You can see the results of this through examples like that published in 2015 by Wired. That was possible because the infotainment system and the engine, and transmission, and body control module, etc. are all connected to the same CANBUS...and information on the network is fully trusted once you know the language.
Someone hacked VW Canbus to play video games on the dashboard of a polo.
I'd say "read mostly". Clearing the CEL with mode 4, for example, would cause your vehicle not to pass a state inspection until it went through a drive cycle...which can be quite a while.
Mode 8 is more troublesome. It's not as standardized, so you have to know vehicle and model specifics. But you can actively manipulate real physical things in the car, canister vents opening/closing, etc.
So, not as wild west as unconstrained CAN bus access, but not really read-only either.
I'd say mode eight makes it absolutely the wild west. In addition to clearing the CEL, I can use my CAN bus to program everything from the TPMS IDs for my wheels all the way to the pre-sets in my radio along with everything in-between including the amount of power steering and brake assist applied.
Do you have a reference? In any case, "mode 8" is a subset of what unconstrained CAN bus access gives you.
Edit: The best info I can find is in this whitepaper: http://www.autosec.org/pubs/cars-oakland2010.pdf
You can see packet dumps on page 10. These aren't obd-ii packets. They are CAN bus "DeviceControl" packets. These are the ones they used to manipulate braking, etc.
The context I'm trying to convey is that a dongle that exposes the OBD-II port wirelessly should probably expose only the "safe-ish" parts of OBD-II. No direct CAN bus access, no access to mode 8, mode 4, etc.

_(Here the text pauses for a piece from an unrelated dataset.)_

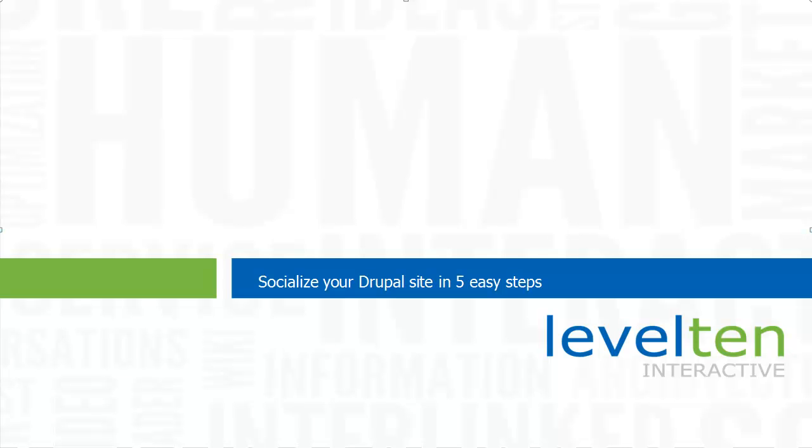Welcome to the Socialize Your Drupal Site in 5 Easy Steps tutorial. In this quick video, I'll show you how to integrate your Drupal website with essential social media sites using some pretty cool new modules.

Yes, it should but what does that mean in the context of a device you plug into your OBD-II port which can be made to run anything an attacker wants? Most of these devices are running full systems similar to LTE radios, etc., which have been demonstrated to be so vulnerable that it's possible to hijack the embedded computer to run code of choice. Just recently we saw the radio disclosure from Google and from several years back there was this one from a research team at Intel:
Honestly, at the point an attacker can run arbitrary code, short of implementing some crazy in device firewall, expect a device like this to have access to a bunch of stuff by the fact it's plugged into the OBD-II port.

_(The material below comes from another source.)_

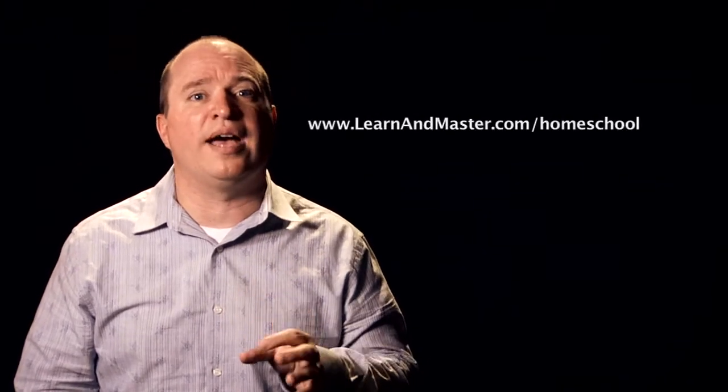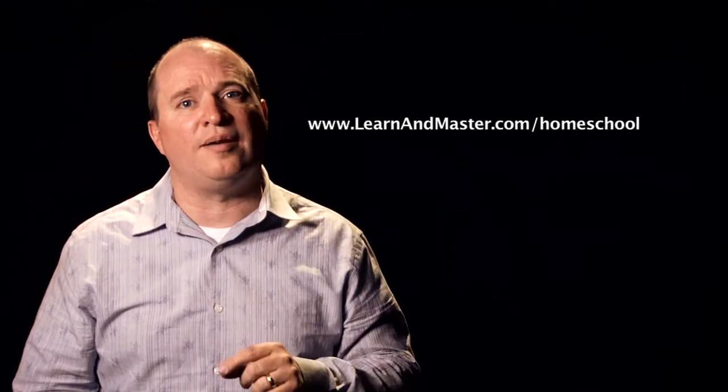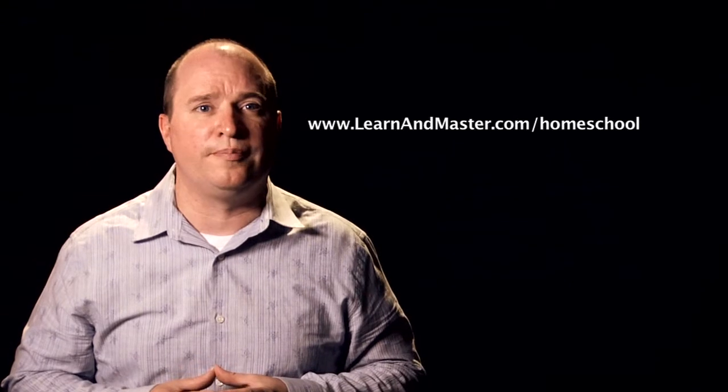I put in that resource the exact things that I look for when I'm working one-on-one with a student. It's a great resource, and it's available to you at learnandmaster.com/homeschool.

But sure, car manufacturers should do something as well. OBD-II port is a misnomer. It's like calling an ethernet port a "WWW Port". It doesn't need to expose everything that it does. The manufacturers know these are being used by consumers. They can put a more open port somewhere else for mechanics.

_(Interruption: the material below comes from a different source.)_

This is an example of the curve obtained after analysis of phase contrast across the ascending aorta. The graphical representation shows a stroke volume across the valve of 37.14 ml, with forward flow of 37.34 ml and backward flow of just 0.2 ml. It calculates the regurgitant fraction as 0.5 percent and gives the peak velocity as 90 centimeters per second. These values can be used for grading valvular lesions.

"Drivelog Connect allows your car to speak to you. Your car directly connects with your smartphone. All the information becomes available at your fingertips."
Many of the features the app offers could be made available in the car's console/monitor.
Like: - automotive diagnostics, display of real-time driving behavior(should you really be looking at your Smartphone while driving), Logbook for recording and storage routes...
I don't really see benefit of this app.
For a IoT device I would give this a gold star. I am sure after this report was given to them, they patched their firmware.
And it allows you to send and receive any CAN bus message you want, versus just some subset of OBDII. As far as I can tell, the features don't require anything other than querying OBDII for some very small subset of data. So if the dongle only passed those request packets, and dropped everything else, it would be miles more secure. Since it appears to be a simple passthrough device, I'm not sure there's enough horsepower in the dongle to fix that with firmware.